To make this prediction, we will calculate the posterior probabilities for both classes (Play = Yes and Play = No) using the Naive Bayes formula and then compare them.
Calculations steps
-
Calculate prior probabilities:
-
P(Play = Yes): 9 out of 14 days were "Yes."

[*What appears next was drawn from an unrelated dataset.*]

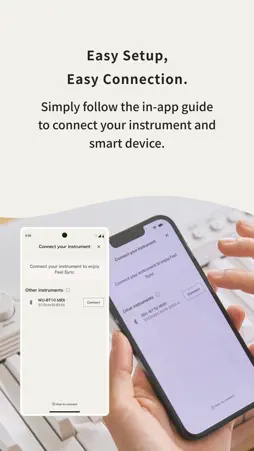 Feel Sync screenshot 4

\( \displaystyle P(\text{Play} = \text{Yes}) = \frac{\text{Number of Yes}}{\text{Total}} = \frac{9}{14} = 0.643 \)
-
P(Play = No): 5 out of 14 days were "No."
\( \displaystyle P(\text{Play} = \text{No}) = \frac{\text{Number of No}}{\text{Total}} = \frac{5}{14} = 0.357 \)
-
-
Calculate likelihood probabilities:
For each feature given the class, we calculate the likelihoods:
Feature P(Feature=Value|Play=Yes) P(Feature=Value|Play=No) Outlook=Sunny \( \displaystyle P(\text{Sunny}\|\text{Yes}) = \frac{2}{9} \) \( \displaystyle P(\text{Sunny}\|\text{No}) = \frac{3}{5} \) Temperature=Cool \( \displaystyle P(\text{Cool}\|\text{Yes}) = \frac{3}{9} \) \( \displaystyle P(\text{Cool}\|\text{No}) = \frac{1}{5} \) Humidity=High \( \displaystyle P(\text{High}\|\text{Yes}) = \frac{3}{9} \) \( \displaystyle P(\text{High}\|\text{No}) = \frac{4}{5} \) Windy=True \( \displaystyle P(\text{True}\|\text{Yes}) = \frac{3}{9} \) \( \displaystyle P(\text{True}\|\text{No}) = \frac{3}{5} \) -
Calculate posterior probabilities (Bayes' theorem):
Using the naive assumption that all features are independent, apply the theorem to find the posterior probability for each class. The simplified formula used is:
\[ P(C|X) \propto P(C) \cdot \prod_{i} P(x_i|C) \]-
P(Yes | Sunny, Cool, High, True):
\(\begin{align*} = & P(\text{Yes}) \cdot P(\text{Sunny}|\text{Yes}) \cdot P(\text{Cool}|\text{Yes}) \cdot P(\text{High}|\text{Yes}) \cdot P(\text{True}|\text{Yes}) \\ = & \frac{9}{14} \cdot \frac{2}{9} \cdot \frac{3}{9} \cdot \frac{3}{9} \cdot \frac{3}{9} \\ \approx & 0.0053 \end{align*}\)
-
P(No | Sunny, Cool, High, True):
\(\begin{align*} = & P(\text{No}) \cdot P(\text{Sunny}|\text{No}) \cdot P(\text{Cool}|\text{No}) \cdot P(\text{High}|\text{No}) \cdot P(\text{True}|\text{No}) \\ = & \frac{5}{14} \cdot \frac{3}{5} \cdot \frac{1}{5} \cdot \frac{4}{5} \cdot \frac{3}{5} \\ \approx & 0.02056 \end{align*}\)
-
-
Make the prediction:
Since \( P(\text{No} | \text{Sunny, Cool, High, True}) \approx 0.02056 \) is greater than \( P(\text{Yes} | \text{Sunny, Cool, High, True}) \approx 0.0053 \), we predict that the person will not play golf on that day.